In 1816 on Lake Geneva an 18 year old girl named, as she still was then, Mary Godwin, had a terrible dream of a Creature assembled from human parts being brought to life. The result was a novel published within two years that was to reach mythical status.

Almost 200 years later, her ‘hideous progeny’ is the toast of the town once more as Danny Boyle presents his sell-out, critically acclaimed production at the National Theatre. But just how has Mary Shelley’s nightmare creation been transformed from page to stage?

NOTE: This feature will contain plot spoilers, so stop reading if you have yet to see the show and want to be surprised.

‘Frankenstein and the Creature literally create each other: every night they reinhabit each other’ Danny Boyle, interview in The Guardian

The most striking aspect of this most recent incarnation of Mary Shelley’s novel is the headline-grabbing double casting of Benedict Cumberbatch and Jonny Lee Miller alternating in the roles of Frankenstein and the Creature. As well as proving to be a shrewd marketing tactic, this decision gives the production the opportunity to play with the tale’s inherent ideas of doubling.

Speaking about his adaptation in an interview with The Arts Desk, playwright Nick Dear pointed out that ‘there are so many elements of the Doppelgänger in the original story. Victor Frankenstein is a narcissist – when he comes to create a man, he tries to do so in the image of himself’. By removing the female from the process of reproduction, Frankenstein makes himself sole parent to his creation and it thus becomes his offspring, an implicit extension of himself.

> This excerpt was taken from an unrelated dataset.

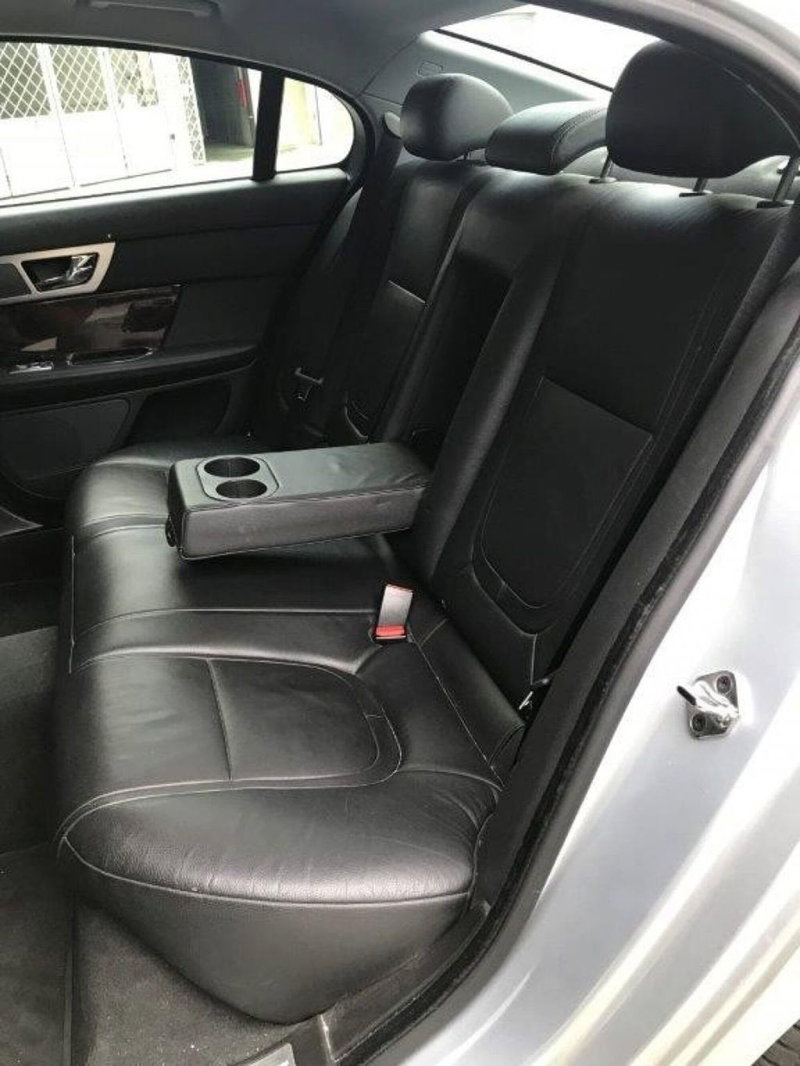 Jaguar XF usata a Cuneo (9)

The sharing of these two central roles of creator and creation allows a far more explicit exploration of the link between the two. Boyle has run with Dear’s script and made this almost umbilical connection tangible on the stage; the atmosphere crackles in the moments when Cumberbatch and Miller make physical contact and the production closes with the powerful visual image of their silhouetted figures walking away from the audience, unable right to the end to sever the connection between them.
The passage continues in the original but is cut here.